Dans le cas des réseaux neuronaux, par exemple, il n’est guère possible de comprendre comment les machines parviennent à certaines décisions. Dans de tels cas, il faut travailler avec des résultats qui ne peuvent plus être vérifiés par l’homme et qui, en même temps, ne sont plus le résultat de la programmation humaine initiale. Cela soulève toute une série de questions concernant la responsabilité et, de manière générale, remet en question les possibilités d’utilisation de l’IA : un informaticien peut-il être responsable des mauvaises décisions d’une machine qu’il a programmée à l’origine, mais dont il ne pouvait plus contrôler les décisions au moment de l’erreur ? Et dans quelle mesure pouvons-nous assumer la responsabilité de déléguer des décisions à des machines, alors que ces décisions peuvent être erronées sans que nous nous en rendions compte ?

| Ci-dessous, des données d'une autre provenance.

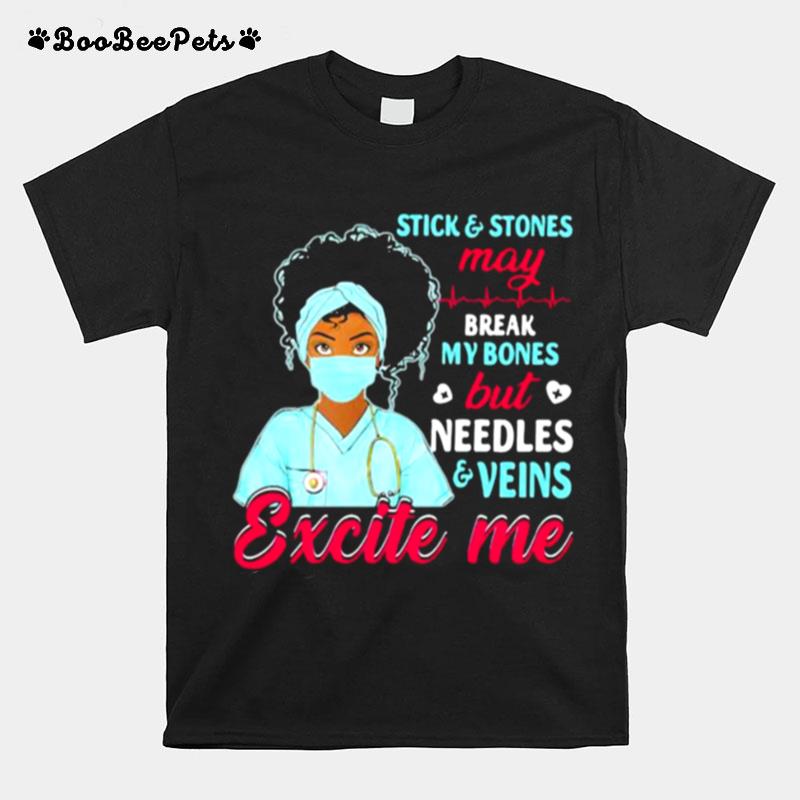 Stick And Stones May Break My Bones But Needles Veins Exicte Me Nurse T-Shirt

Le document stratégique du gouvernement donne à ses lecteurs l’impression d’être à deux pas d’une merveilleuse révolution technologique à venir. Le langage et la conception du document sont progressistes et modernes : il y est question d’innovation, de recherche et de développement, de clusters régionaux et de partenariats public-privés. Malheureusement, le projet des ministres n’est pas aussi simple que le document veut le faire croire. Non seulement les questions de responsabilité et de validité des calculs, mais aussi la prise de position des habitants luxembourgeois, qui ont tendance à ne pas prendre de risques, constitueront encore un grand défi pour le gouvernement dans la mise en œuvre de son projet. Des investissements publics élevés ne suffiront pas à faire du Luxembourg un pionnier de la technologie de l’IA si les conditions cadres ne sont pas adéquates.
Pour que l’entreprise ministérielle réussisse, le gouvernement doit cesser de se laisser aveugler par les belles apparences du progrès. Le Luxembourg n’est pas (encore) le Silicon Valley. Ce ne sont pas les millions dépensés et les belles paroles qui y changeront quelque chose.